A quick question first though as I tried again today with all updates. It failed and I noted the following error:

clang: warning: argument unused during compilation: '--cuda-path=/usr/local/cuda-12.2' [-Wunused-command-line-argument]

Does this give a clue to the problem?

Also, I should note my CPU is old, pre avx. I assume this is not a problem (Core duo Q9650)

Thanks in advance.

Endilll commented 1 year ago

A quick question first though as I tried again today with all updates. It failed and I noted the following error: clang: warning: argument unused during compilation: '--cuda-path=/usr/local/cuda-12.2' [-Wunused-command-line-argument] Does this give a clue to the problem?

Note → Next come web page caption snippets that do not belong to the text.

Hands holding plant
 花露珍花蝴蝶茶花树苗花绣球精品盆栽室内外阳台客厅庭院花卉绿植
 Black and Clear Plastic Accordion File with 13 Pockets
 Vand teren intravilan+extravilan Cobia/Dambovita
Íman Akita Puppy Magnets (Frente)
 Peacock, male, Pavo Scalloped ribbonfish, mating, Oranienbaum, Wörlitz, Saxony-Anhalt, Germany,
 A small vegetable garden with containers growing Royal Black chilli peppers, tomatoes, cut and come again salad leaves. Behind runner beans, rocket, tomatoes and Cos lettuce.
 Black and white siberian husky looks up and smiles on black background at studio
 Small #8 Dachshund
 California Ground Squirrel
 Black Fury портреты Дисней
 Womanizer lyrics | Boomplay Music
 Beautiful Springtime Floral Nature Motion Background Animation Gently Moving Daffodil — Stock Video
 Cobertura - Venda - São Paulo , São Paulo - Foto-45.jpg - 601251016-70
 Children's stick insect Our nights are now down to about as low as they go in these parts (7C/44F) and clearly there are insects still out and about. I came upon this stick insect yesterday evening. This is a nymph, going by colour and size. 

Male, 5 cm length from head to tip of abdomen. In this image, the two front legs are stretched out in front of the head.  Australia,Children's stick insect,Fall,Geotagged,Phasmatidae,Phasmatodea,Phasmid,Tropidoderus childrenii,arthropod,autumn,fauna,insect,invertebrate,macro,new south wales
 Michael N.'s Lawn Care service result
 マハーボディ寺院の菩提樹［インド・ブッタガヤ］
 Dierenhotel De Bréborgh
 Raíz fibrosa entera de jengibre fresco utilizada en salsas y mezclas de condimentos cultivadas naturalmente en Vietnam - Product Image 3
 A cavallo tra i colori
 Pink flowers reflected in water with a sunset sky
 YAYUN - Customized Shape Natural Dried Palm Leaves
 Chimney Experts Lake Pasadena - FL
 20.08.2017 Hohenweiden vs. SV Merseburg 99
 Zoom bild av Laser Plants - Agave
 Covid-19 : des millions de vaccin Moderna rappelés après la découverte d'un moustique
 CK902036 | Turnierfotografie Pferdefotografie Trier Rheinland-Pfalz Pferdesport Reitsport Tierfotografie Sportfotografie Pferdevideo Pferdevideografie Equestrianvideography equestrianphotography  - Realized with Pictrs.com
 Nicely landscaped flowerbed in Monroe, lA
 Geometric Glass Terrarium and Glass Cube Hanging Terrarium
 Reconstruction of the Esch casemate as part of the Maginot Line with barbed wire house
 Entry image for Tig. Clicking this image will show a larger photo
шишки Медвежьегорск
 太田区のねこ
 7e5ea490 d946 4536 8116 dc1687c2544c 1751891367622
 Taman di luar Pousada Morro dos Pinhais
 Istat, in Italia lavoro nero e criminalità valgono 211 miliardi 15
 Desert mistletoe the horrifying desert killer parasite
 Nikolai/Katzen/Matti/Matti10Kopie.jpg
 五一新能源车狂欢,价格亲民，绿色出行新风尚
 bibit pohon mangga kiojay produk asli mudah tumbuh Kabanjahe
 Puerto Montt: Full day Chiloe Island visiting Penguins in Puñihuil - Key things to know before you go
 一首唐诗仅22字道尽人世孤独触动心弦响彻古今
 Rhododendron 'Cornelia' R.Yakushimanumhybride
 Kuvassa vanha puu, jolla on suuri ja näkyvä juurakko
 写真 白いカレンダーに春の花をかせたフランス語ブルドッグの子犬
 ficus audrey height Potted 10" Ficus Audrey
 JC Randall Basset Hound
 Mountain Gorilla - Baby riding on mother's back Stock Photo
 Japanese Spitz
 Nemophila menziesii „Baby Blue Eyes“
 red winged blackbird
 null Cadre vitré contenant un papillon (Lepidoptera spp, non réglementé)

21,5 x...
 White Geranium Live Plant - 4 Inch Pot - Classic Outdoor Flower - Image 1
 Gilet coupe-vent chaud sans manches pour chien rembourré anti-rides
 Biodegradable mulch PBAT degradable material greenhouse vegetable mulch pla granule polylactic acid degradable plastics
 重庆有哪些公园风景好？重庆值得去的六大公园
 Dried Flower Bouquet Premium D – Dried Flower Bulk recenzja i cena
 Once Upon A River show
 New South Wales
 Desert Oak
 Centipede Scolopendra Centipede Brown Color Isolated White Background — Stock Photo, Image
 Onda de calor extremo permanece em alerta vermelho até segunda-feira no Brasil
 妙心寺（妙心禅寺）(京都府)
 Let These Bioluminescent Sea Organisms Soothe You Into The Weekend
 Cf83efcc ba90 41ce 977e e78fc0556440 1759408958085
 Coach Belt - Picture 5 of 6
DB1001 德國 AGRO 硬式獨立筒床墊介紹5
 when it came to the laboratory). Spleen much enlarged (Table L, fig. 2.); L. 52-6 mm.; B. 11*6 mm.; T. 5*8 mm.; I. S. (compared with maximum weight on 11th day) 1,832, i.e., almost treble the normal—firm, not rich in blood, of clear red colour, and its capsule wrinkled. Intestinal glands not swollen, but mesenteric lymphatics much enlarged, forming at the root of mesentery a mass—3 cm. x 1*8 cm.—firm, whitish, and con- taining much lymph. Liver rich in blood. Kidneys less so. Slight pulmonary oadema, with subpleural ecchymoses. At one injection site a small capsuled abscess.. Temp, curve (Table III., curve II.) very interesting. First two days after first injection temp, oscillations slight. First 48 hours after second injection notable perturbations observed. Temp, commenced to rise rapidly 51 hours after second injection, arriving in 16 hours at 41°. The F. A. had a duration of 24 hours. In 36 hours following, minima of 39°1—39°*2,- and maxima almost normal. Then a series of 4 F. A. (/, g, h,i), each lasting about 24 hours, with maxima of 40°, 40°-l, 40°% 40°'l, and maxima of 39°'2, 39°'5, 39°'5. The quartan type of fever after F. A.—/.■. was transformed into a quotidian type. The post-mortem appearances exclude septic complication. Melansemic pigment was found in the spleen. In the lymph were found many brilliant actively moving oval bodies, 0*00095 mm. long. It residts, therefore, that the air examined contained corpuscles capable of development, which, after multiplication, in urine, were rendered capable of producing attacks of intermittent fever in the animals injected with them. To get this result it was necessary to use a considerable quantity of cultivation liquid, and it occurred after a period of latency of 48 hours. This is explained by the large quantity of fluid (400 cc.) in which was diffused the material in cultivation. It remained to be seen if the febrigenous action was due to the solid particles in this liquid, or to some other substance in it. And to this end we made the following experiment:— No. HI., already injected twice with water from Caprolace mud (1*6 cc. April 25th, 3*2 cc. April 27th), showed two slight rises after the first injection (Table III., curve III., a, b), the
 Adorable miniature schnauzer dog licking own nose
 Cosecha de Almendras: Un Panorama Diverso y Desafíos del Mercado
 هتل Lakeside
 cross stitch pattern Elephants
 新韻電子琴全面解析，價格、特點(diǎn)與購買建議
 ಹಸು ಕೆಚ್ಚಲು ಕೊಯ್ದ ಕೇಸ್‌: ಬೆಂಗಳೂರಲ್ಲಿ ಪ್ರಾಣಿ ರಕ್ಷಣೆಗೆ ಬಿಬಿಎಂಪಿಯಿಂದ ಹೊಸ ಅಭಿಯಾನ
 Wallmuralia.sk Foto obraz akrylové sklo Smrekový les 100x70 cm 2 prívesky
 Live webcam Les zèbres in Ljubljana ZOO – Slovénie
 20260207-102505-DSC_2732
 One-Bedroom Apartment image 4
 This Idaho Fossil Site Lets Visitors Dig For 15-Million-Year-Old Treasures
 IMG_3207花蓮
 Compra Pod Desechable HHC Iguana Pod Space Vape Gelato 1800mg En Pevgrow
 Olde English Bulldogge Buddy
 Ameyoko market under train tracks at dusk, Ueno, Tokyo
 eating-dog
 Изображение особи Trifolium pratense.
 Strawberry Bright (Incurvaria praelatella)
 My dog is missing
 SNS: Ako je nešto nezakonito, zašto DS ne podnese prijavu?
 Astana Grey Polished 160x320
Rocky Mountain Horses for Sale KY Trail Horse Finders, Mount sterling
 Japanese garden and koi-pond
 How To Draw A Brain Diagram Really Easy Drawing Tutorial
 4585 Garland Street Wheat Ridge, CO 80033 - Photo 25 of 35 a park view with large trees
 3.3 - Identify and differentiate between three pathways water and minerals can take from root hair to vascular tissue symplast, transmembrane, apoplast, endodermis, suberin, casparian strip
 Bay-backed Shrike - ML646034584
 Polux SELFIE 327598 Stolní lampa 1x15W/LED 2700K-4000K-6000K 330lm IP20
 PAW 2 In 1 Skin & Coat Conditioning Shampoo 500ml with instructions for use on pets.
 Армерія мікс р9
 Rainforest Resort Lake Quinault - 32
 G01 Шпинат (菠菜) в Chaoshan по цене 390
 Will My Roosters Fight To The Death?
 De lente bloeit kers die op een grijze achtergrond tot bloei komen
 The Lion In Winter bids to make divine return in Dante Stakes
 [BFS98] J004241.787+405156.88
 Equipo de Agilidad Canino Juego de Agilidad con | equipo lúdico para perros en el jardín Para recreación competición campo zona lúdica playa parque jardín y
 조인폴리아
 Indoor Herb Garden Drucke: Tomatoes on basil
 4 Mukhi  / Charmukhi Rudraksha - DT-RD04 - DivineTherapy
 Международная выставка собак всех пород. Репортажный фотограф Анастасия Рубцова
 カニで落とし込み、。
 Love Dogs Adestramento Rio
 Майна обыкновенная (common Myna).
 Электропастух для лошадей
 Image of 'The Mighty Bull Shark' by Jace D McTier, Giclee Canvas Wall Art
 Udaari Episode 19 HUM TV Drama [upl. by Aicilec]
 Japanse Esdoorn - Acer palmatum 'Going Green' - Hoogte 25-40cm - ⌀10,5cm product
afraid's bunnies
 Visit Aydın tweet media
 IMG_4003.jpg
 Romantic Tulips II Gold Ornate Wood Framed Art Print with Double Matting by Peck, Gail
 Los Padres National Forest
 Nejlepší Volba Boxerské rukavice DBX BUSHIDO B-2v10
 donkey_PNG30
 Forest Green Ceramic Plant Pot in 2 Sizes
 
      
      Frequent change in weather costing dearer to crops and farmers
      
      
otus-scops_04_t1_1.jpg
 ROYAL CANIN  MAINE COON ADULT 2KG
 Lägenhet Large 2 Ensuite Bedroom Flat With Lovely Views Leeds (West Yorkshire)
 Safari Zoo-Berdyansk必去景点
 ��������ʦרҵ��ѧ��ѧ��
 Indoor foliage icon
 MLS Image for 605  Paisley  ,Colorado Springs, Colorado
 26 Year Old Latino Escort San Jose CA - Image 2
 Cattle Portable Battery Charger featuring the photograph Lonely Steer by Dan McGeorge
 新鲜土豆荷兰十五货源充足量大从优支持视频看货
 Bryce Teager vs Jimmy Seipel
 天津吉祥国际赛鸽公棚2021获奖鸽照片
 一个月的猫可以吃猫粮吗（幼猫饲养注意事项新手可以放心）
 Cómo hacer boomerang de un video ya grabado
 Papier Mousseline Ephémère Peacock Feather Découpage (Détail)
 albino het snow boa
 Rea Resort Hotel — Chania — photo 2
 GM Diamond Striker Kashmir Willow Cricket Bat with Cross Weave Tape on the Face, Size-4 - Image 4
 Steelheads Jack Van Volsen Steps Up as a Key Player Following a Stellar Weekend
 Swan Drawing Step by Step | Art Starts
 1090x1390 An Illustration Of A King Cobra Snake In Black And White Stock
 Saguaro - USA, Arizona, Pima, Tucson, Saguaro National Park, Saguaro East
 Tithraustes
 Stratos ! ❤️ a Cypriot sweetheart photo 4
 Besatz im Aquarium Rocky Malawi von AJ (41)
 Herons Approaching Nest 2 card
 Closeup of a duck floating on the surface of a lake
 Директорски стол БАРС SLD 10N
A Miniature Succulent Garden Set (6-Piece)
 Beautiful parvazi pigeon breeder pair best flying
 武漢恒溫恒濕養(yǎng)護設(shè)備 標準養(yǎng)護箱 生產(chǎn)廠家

It doesn't ring a bell for me, unfortunately. We need something reproducible, so we can step through the crash locally in the debugger.

Also, I should note my CPU is old, pre avx. I assume this is not a problem (Core duo Q9650)

This might be significant if crash occurs in x86 backend. Thank you for sharing this bit.

Artem-B commented 1 year ago

clang: warning: argument unused during compilation: '--cuda-path=/usr/local/cuda-12.2' [-Wunused-command-line-argument] Does this give a clue to the problem?

This is expected -- you have CUDA path specified, but the failure happens in a c++ compilation which indeed has no use for the CUDA path.

cuchio commented 11 months ago

Hi, I have decided to try to compile and install using docker and the simplest method described at https://www.tensorflow.org/install/source.

"GPU support"

I have the nvidia drivers installed (nvidia-driver-545) and the nvidia_container-toolkit (https://github.com/NVIDIA/nvidia-container-toolkit)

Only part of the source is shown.